VDI Profiles  used in Sizer

Sizer relies on Login VSI profiles and tests.  Here are descriptions about the profiles and applications run

Task Worker Workload

  • The Task Worker workload runs fewer applications than the other workloads (mainly Excel and Internet Explorer with some minimal Word activity, Outlook, Adobe, copy and zip actions) and starts/stops the applications less frequently. This results in lower CPU, memory and disk IO usage.

Below is the profile definition for a Task Worker:

Knowledge Worker Workload

  • The Knowledge Worker workload is designed for virtual machines with 2vCPUs. This workload contains the following applications and activities:
    •  Outlook, browse messages.
    •  Internet Explorer, browse different webpages and a YouTube style video (480p movie trailer) is opened three times in every loop.
    •  Word, one instance to measure response time, one instance to review and edit a document.
    •  Doro PDF Printer & Acrobat Reader, the Word document is printed and exported to PDF.
    •  Excel, a very large randomized sheet is opened.
    •  PowerPoint, a presentation is reviewed and edited.
    •  FreeMind, a Java based Mind Mapping application.
    •  Various copy and zip actions.

Below is the profile definition for a Knowledge Worker:

Power Worker Workload

  • The Power Worker workload is the most intensive of the standard workloads. The following activities are performed with this workload:
    •  Begins by opening four instances of Internet Explorer which remain open throughout the workload.
    •  Begins by opening two instances of Adobe Reader which remain open throughout the workload.
    •  There are more PDF printer actions in the workload as compared to the other workloads.
    •  Instead of 480p videos a 720p and a 1080p video are watched.
    •  The idle time is reduced to two minutes.
    •  Various copy and zip actions.

Below is the profile definition for a Power Worker:

Developer Worker Type

Sizer does offer Developer profile which is assumes 1 core per user (2 VCPU,  VCPU;pCore = 2).  Use that for super heavy user demands.

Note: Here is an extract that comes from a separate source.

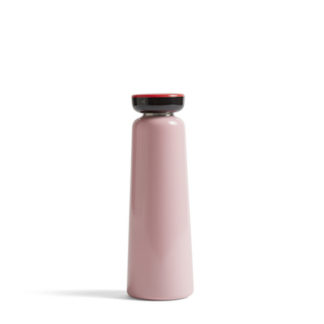 Sowden Bottlesowden bottle - zacht roze - 0,35 l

Below is the profile definition for a Developer:

What is strength and weaknesses of Profiles

Strengths

  • LoginVSI is the defacto  Industry standard VDI performance testing suite.  That offers ability to have common terms like “knowledge worker” .
  • Test suite was run on Nutanix-based cluster and number of users were found with reasonable performance.  From there we could build out the profile definitions in Sizer and this is based on lab results.
  • Things were setup optimally.  Hyperthreading is turned on and the cluster is set up using best practices.
  • It does a good job of not only having mix of applications but having different workload activity as add more users.  For example, how frequently applications are opened and so it does simulate having multiple users in real environment.
  • Essentially the “best game in town” to getting consistent sizing

Weaknesses

  • In the end VDI is a shared environment and sizing will depend on the activities of the users.  So if three companies have 1000 task workers, each company could have different sizing requirements as what the users do and when will vary.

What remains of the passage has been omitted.